I eventually get over these losses and move on to substitute brands or varieties. And then there was yesterday. In one day, I was faced with three different “discontinued” items. Now that has to be a conspiracy, doesn’t it?

First I went to Sephora to try to replace my Bare Minerals blush in the uncommon shade of Aubergine. It seemed dark when the sales associate recommended it long ago, but I’ve loved it and used it down to the last few grains of powder. You know where this is going. The color has been discontinued. But at least the product was still around. I just had to have the associate gaze at my skin tone and recommend another shade.

Then, same store, I moved on to the Clinique section, where I hoped to replace my very old Superbalanced mineral powder foundation. There was nothing in the Clinque lineup that even resembled that product. Another disappointing “discontinued.”

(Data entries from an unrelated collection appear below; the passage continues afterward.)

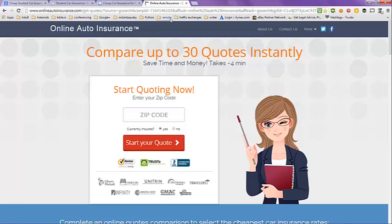If the student is a good student with a good grade point average, and the location where the student lives — these are all factors that will give you the best quote available.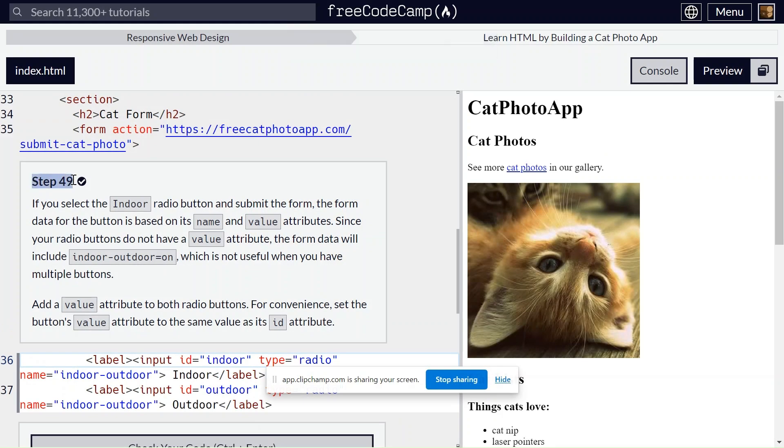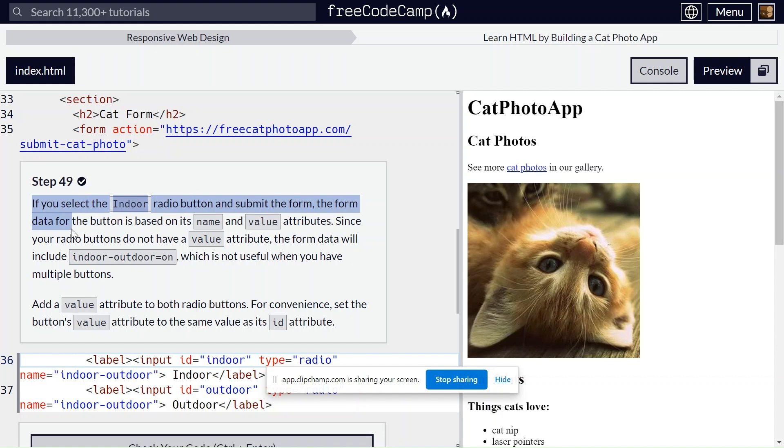Step 49 passed. If you select the indoor radio button and submit the form, the form data for the button is based on its name and value attributes.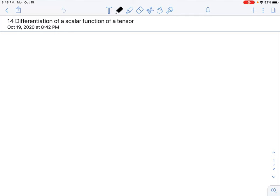Today we're going to talk about differentiation of a scalar function of a tensor variable. This will be our last lecture on differentiation, then we'll do one on integration and move on to kinematics. This is section 3.4 in the textbook — a pretty short one.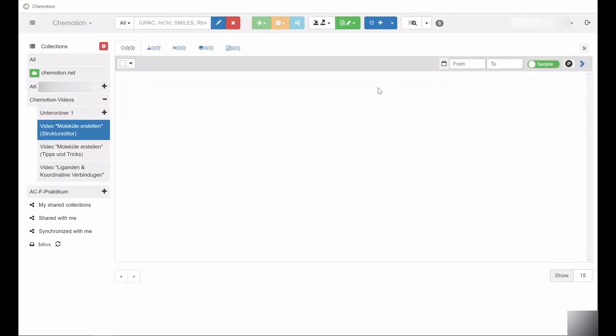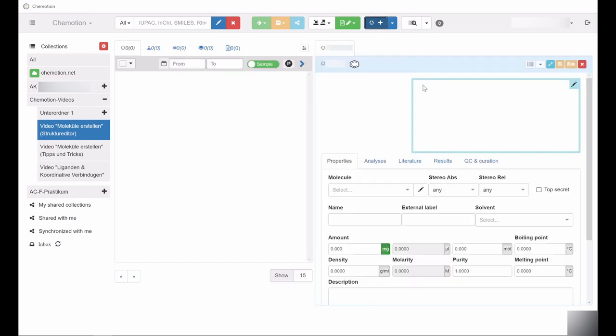This video shows what kind of additional information you can include on a chemical compound once it has been created or imported into the Chemotion ELN.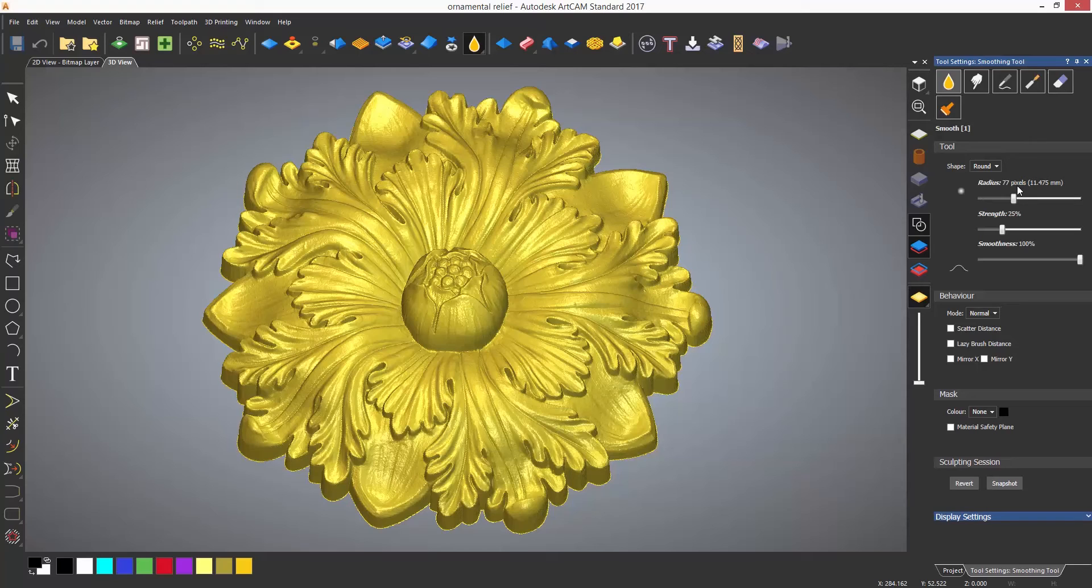All of the tools have basically the same settings with slight variations depending on the tool being used.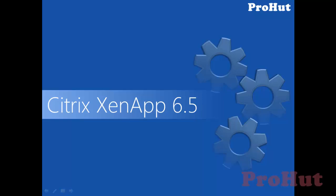Hello friends, welcome back to ProHut IT Services, good to see you back. In this video, we'll learn about installation and configuration of Citrix XenApp 6.5 on Windows Server 2008 R2.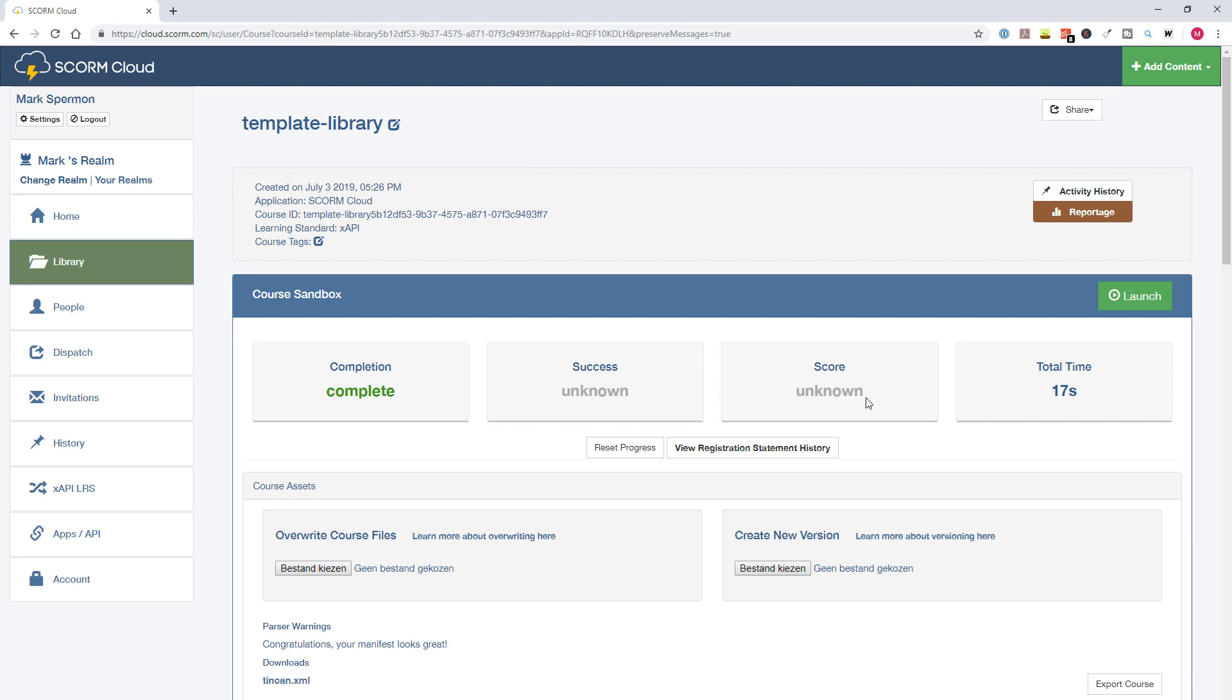Cloud.scorm lets me see that my course is complete. So I know my completion status trigger works. Now there was no score, so the score is unknown and I've taken 70 seconds over the course. So in this way you can check your course before you upload it to your LMS. So now you know how to publish your course to SCORM or TinCan API, and you know how to create an account on cloud.scorm.com and how you can test your e-learning module to verify that your completion status works and that your score is communicated in the right way to your LMS.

Through with my cosmetics shopping, I went to the grocery store. Just before I entered the checkout line, I remembered I wanted to buy more Greek yogurt. These days my favorite brand is Chobani, and I have discovered that the apple-cinnamon flavor is not only tasty but also only 3 Weight Watchers Points Plus! I was delighted to find it on sale…at a very low price. Turning to the guy restocking the refrigerated case, I asked (hoping for a better answer than the one I had in mind), “Why is this flavor on sale? Is it the expiration date?” He shook his head no and then uttered the dreaded word: “Discontinued.”

“I know why,” I said to the employee, whom I’m sure didn’t care to continue the conversation. “Because I like it!” (By the way, this practice of saying what you’re thinking to anyone around is one of the pitfalls of aging.)

Stocking up on a product isn’t always practical. Besides, being a superstitious person, I feel I would be tempting fate if I bought enough of anything to last me until I’m in my 90s—like saying “I absolutely know for sure that I’m going to live that long and that I’m going to be lucid enough to know what the product is for.”